Required action »
Repeat every line from the line containing "Original Real VIP" to the end of the data, exactly. Leave the pictures out.

Source material »

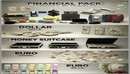 CINEMA 4D 金钱模型包合集下载 The Pixel Lab 3D Financial Pack-缩略图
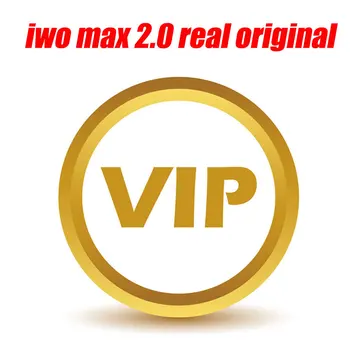 Original Real VIP Link of IWO MAX 2.0 Smart Watch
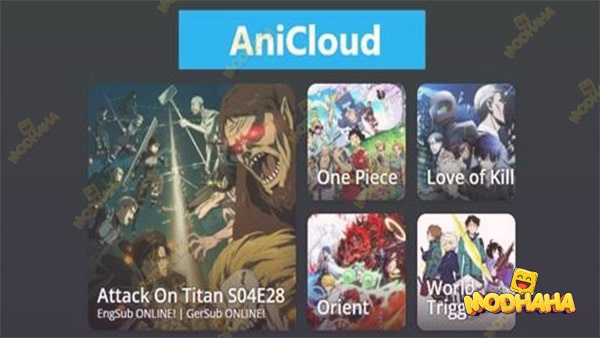 anicloud apk for android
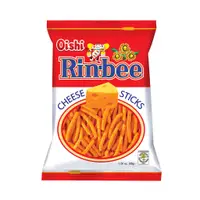 在飛比找樂天市場購物網優惠-【BOBE便利士】菲律賓 Oishi Rinbee chee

Answer for this exercise »
 Original Real VIP Link of IWO MAX 2.0 Smart Watch
 anicloud apk for android
 在飛比找樂天市場購物網優惠-【BOBE便利士】菲律賓 Oishi Rinbee chee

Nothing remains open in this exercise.